Anayasa Mahkemesi, müdahalenin hukuka uygunluğunu değerlendirirken Anayasa’nın 13.maddesinde öngörülen koşulları ele almıştır. Müdahalenin (i) Anayasa’da öngörülen haklı sebeplere dayanması, (ii) kanunlar tarafından öngörülmüş olması ve (iii) demokratik toplum gerekliliklerine uygun ve ölçülü olması gerektiğini belirtmiştir.

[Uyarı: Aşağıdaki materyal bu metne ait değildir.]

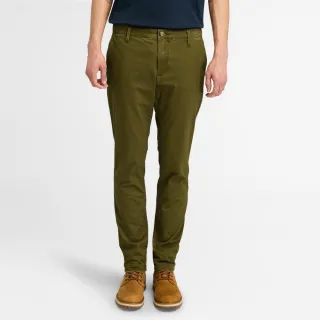 【Timberland 官方旗艦】男款橄欖綠色合身卡其休閒褲(A29Q2302)
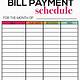 Bill Schedule Template
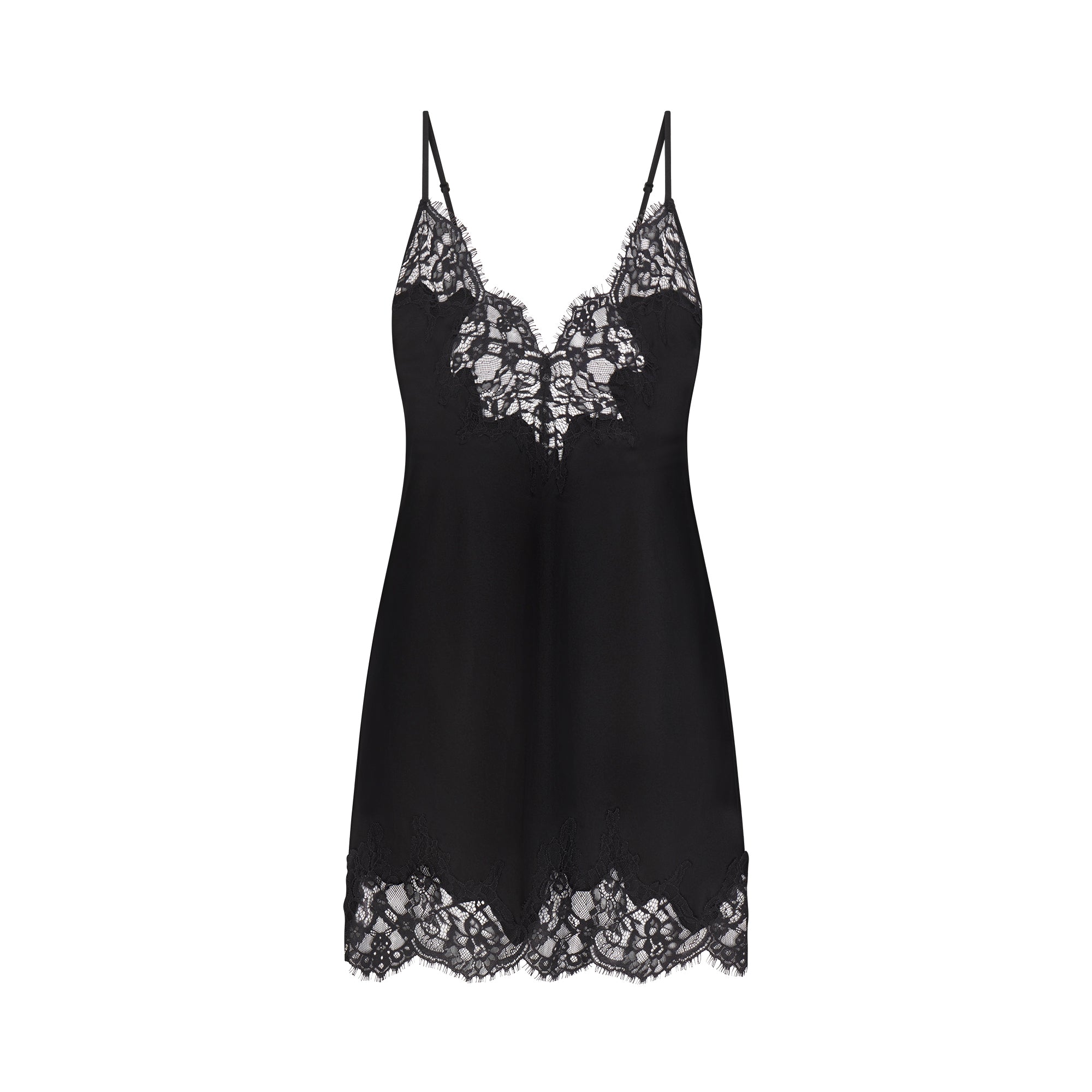 SILK LACE MINI SLIP DRESS | ONYX FLAT ON A WHITE BACKGROUND | FLT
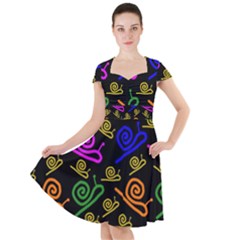 Pattern-repetition-snail-blue Cap Sleeve Midi Dress by Maspions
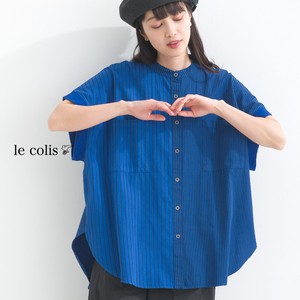 Button Shirt/Blouse Dolman Sleeve Stripe 2024 Spring/Summer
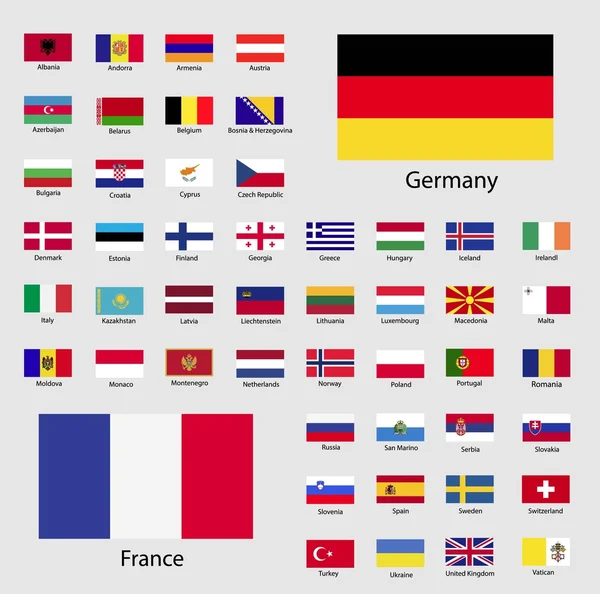 Bandiere dell'Unione europea. Illustrazione vettoriale. — Vettoriale Stock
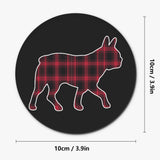 Red Plaid Boston Terrier Dog Silhouette Wood Coaster (4 Pcs)
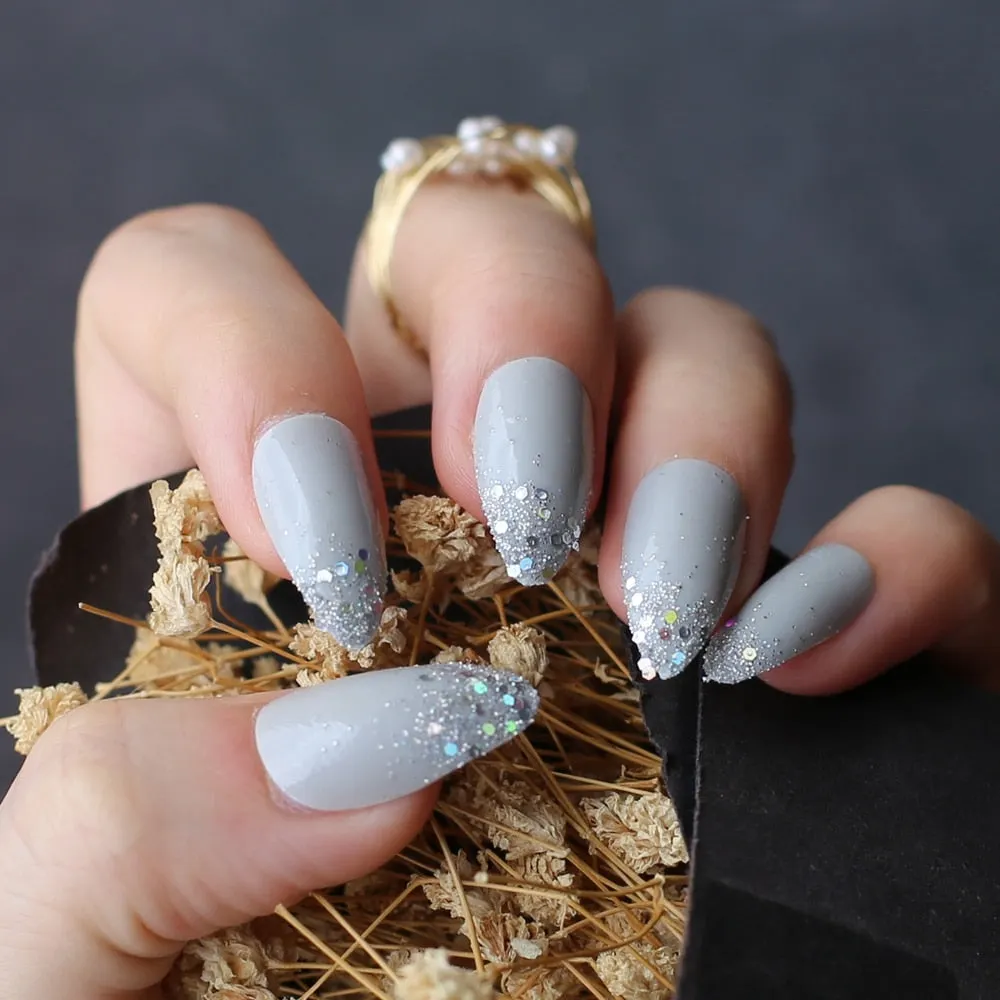 Grey glitter ombre nails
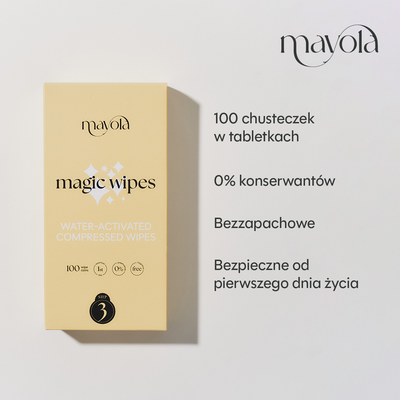 Chusteczki w tabletkach skompresowanych, 100 sztuk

Karar’da, 6698 sayılı Kişisel Verilerin Korunması Kanunu (“KVKK”) kapsamında bir değerlendirme yapılarak parmak izinin biyometrik veri olmasından ötürü özel nitelikli kişisel veri olduğu ifade edilmiştir. Parmak izi verisinin kullanılması ve işlenmesini ayrıca aynı yönlü yargı kararları, Kişisel Verileri Koruma Kurulu kararları ve bir Avrupa İnsan Hakları Mahkemesi kararı kapsamında da incelenmiştir. Anayasa Mahkemesi daha sonra KVKK atfıyla, özel nitelikli veri olan parmak izi verisinin ya ilgilinin açık rızasına dayanılarak ya da kanunlarda açıkça öngörülen hallerdeaçık rıza olmaksızın işlenebileceği belirtilmiştir. Başvurucunun parmak izi verilerinin işlenmesine dair açık bir rızası olmadığından dolayı, bu yönde bir kanuni düzenlemenin varlığını aramış, konuyla ilişkili olarak KVKK’nın yanı sıra Belediye Kanunu ve Devlet Memurları Kanunu’nda yer alan düzenlemeleri incelemiştir.

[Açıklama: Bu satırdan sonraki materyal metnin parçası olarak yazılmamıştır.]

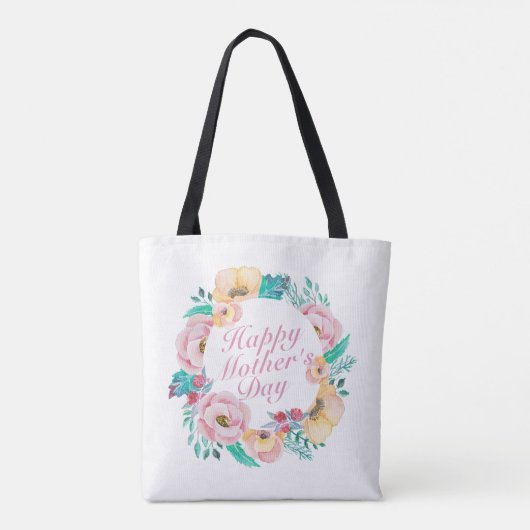 Elegant Happy Moederdag Floral Wreath Canvas tas (Achterkant)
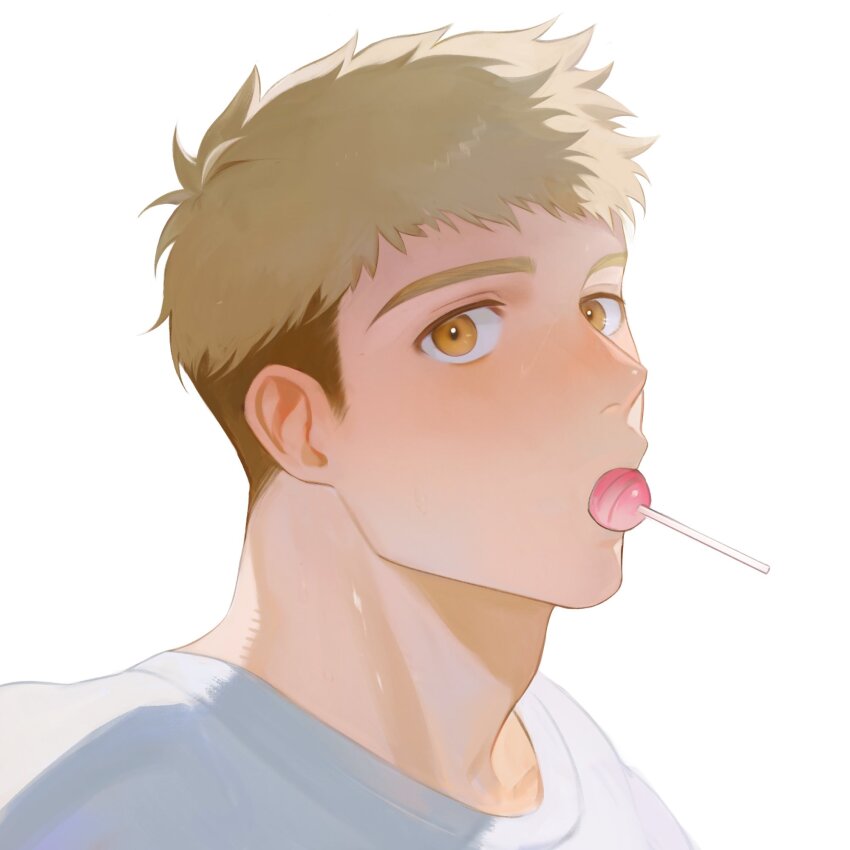1boy, adam's_apple, blonde_hair, brown_eyes, candy, commentary, crew_neck, cropped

657 sayılı Devlet Memurları Kanunu incelendiğinde, devlet memurlarının ve dolayısıyla belediye personelinin çalışma saatlerine ve çalışma saatlerinin başlama-bitiş saatlerine yönelik düzenlemelerin mevcudiyeti tespit edilmiştir. Ancak, bu kapsamda çalışanın mesaideki devamlılığının kontrolü amacıyla özel nitelikli kişisel verilerinin işlenmesine yönelik açık bir düzenlemenin yer almadığını tespit etmiştir. 5393 sayılı Belediye Kanunu’nda da belediye başkanının yetkisi olan belediye teşkilatını sevk ve idare etme yetkisinin kapsamında, özel nitelikli kişisel verilerin işlenmesine yönelik bir düzenleme olmadığı sonucuna varılmıştır.

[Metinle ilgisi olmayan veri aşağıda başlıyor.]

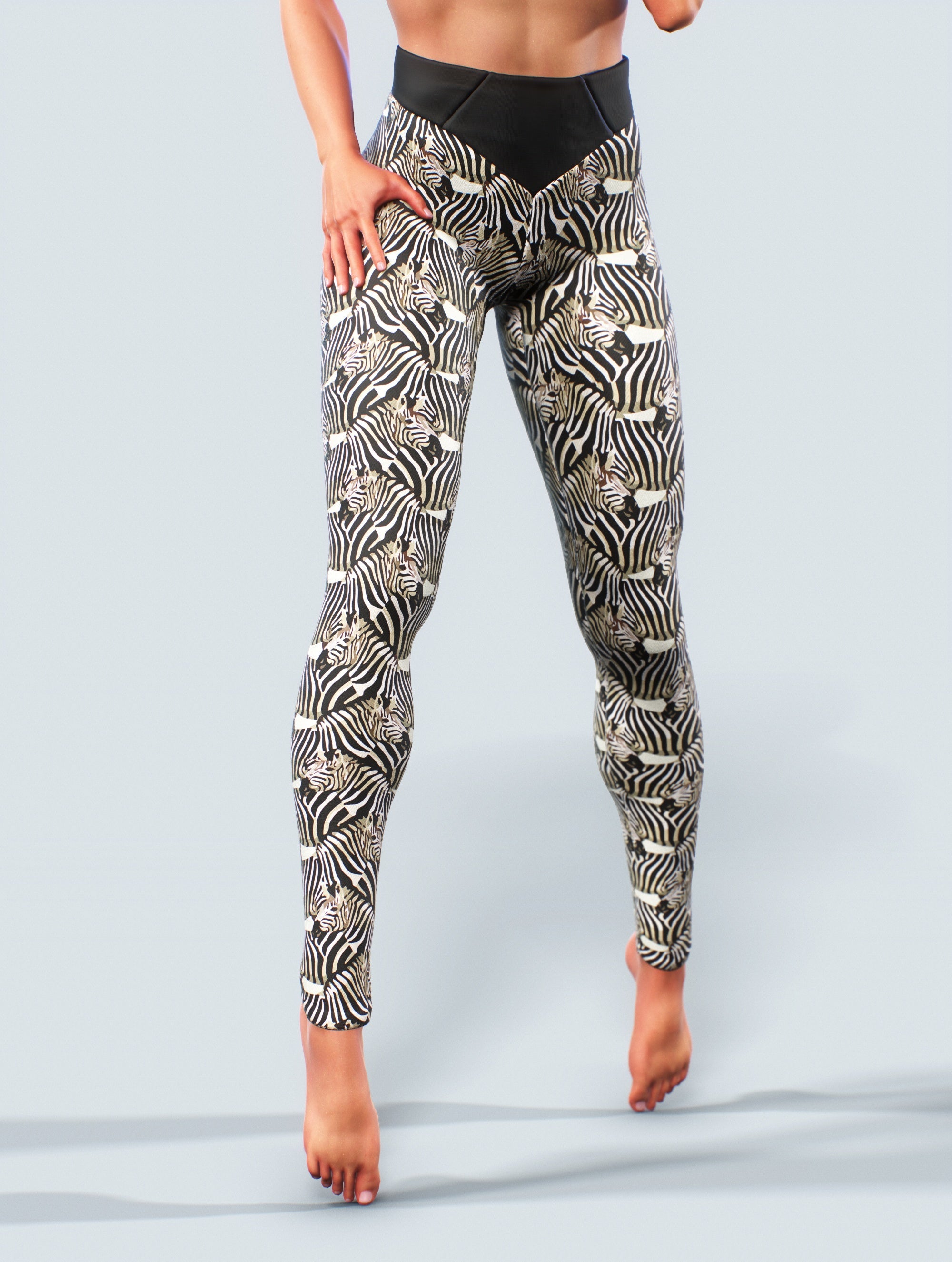 Zebra's Illusions Yoga Pants-High waisted leggings-bootysculpted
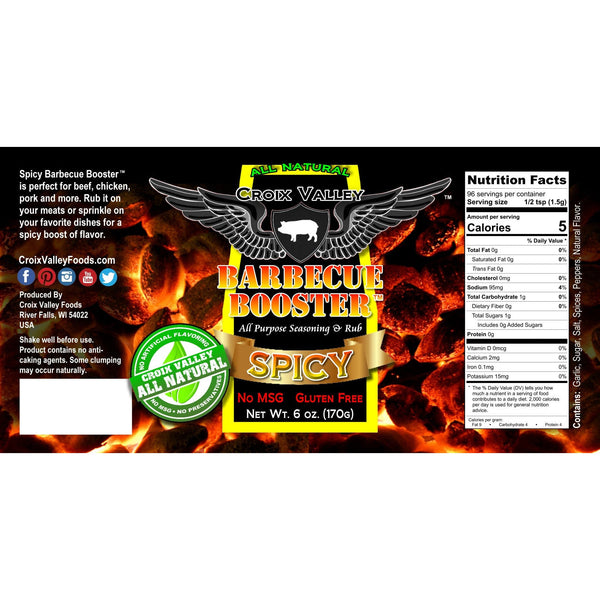 Croix Valley Spicy Barbecue Booster BBQ Dry Rub & Seasoning Label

Başvuruya konu uygulamanın kanunlar ile açıkça öngörülmediği değerlendirmesinin ardından Anayasa Mahkemesi, Anayasa’da öngörülen diğer güvence ölçütlerine uyulup uyulmadığını incelemeksizin, başvurucunun Anayasa’nın 20. maddesi ile korunan özel hayata saygı hakkı kapsamındaki kişisel verilerinin korunmasını isteme hakkının ihlal edildiğine karar vermiştir.

Sonuç

Karar ile Anayasa Mahkemesi, biyometrik verilerin (yani, özel nitelikli verilerin) ilgilinin açık rızası hilafına kullanılmasını değerlendirmiştir. İlgilinin açık rızasının bulunmaması ve kanunlarda biyometrik verilerin açık rıza aranmaksızın işlenebileceğine dair özel bir düzenleme yer almamasından hareketle, belediyenin parmak izi ile mesai takibi yapmasını ilgilinin kişisel verilerinin korunmasını isteme hakkına yönelik bir ihlal olarak değerlendirmiştir.